The second way to self-distance is through time. We can enlist the same capacity for time travel that gives birth to regret to analyze and strategize about learning from these regrets. For example, one study showed that prompting people to consider how they might feel about a negative situation in ten years reduced their stress and enhanced their problem-solving capabilities compared to contemplating what the situation would be like in a week.[37]
Mentally visiting the future—and then examining the regret retrospectively—activates a similar type of detached, big-picture perspective as the fly-on-the-wall technique. It can make the problem seem smaller, more temporary, and easier to surmount.[38] Cheryl, for instance, could envision how she’d react a decade from now, peering back on her regret. Does she feel bad about letting the friendship remain apart for thirty-five years? Or does she feel satisfied that she addressed her connection regrets—with Jen or with others? When we simulate looking at the problem retrospectively, from the binoculars of tomorrow rather than the magnifying glass of today, we’re more likely to replace self-justification with self-improvement.[39]

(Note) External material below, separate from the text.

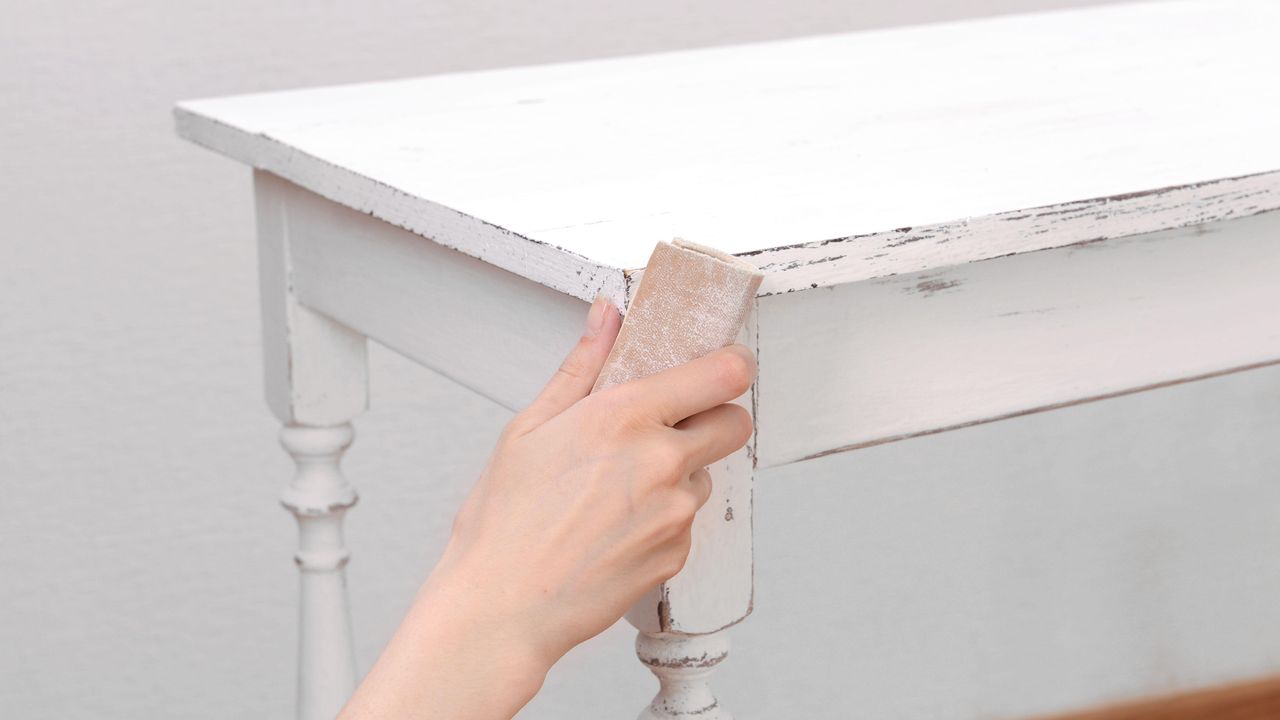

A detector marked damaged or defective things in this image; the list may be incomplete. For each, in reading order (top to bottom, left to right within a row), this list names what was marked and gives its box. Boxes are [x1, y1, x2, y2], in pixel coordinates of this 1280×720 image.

chipped white paint [172, 0, 1280, 299]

The third method of self-distancing, as Julius Caesar and Elmo teach us, is through language. Kross, Ayduk, and others have carried out some fascinating research concluding that “subtle shifts in the language people use to refer to themselves during introspection can influence their capacity to regulate how they think, feel, and behave under stress.”?[40] When we abandon the first person in talking to ourselves, the distance that creates can help us recast threats as challenges and replace distress with meaning. For example, borrowing a page from Caesar, Grossmann and several colleagues found that getting people to write about their challenges using third-person pronouns like “she,” “him,” and “they” rather than first-person pronouns like “I,” “me,” and “my” increased their intellectual humility and sharpened the way they reasoned through difficulties.[41] Addressing regrets in the second person—referring to oneself as “you” rather than “I”—also strengthens people’s behavior and deepens their commitment to improving future behavior, according to research by Sanda Dolcos and Dolores Albarracín.[42] Similarly, deploying what some call the “universal you”—using “you” to mean people in general—can destigmatize negative experiences and help people pull meaning from them.[43]
And Elmo might be wiser than he looks. Addressing yourself by your name has similar effects. For example, another Kross-led project found that during the 2014 Ebola scare, people who were randomly assigned to use their own name, rather than “I,” in thinking about the disease were better able to generate fact-based reasons not to panic about the outbreak.[44] Equally important, self-distancing through language is neither laborious nor time-consuming. According to one neuroimaging study, its effects can kick in within one second.[45]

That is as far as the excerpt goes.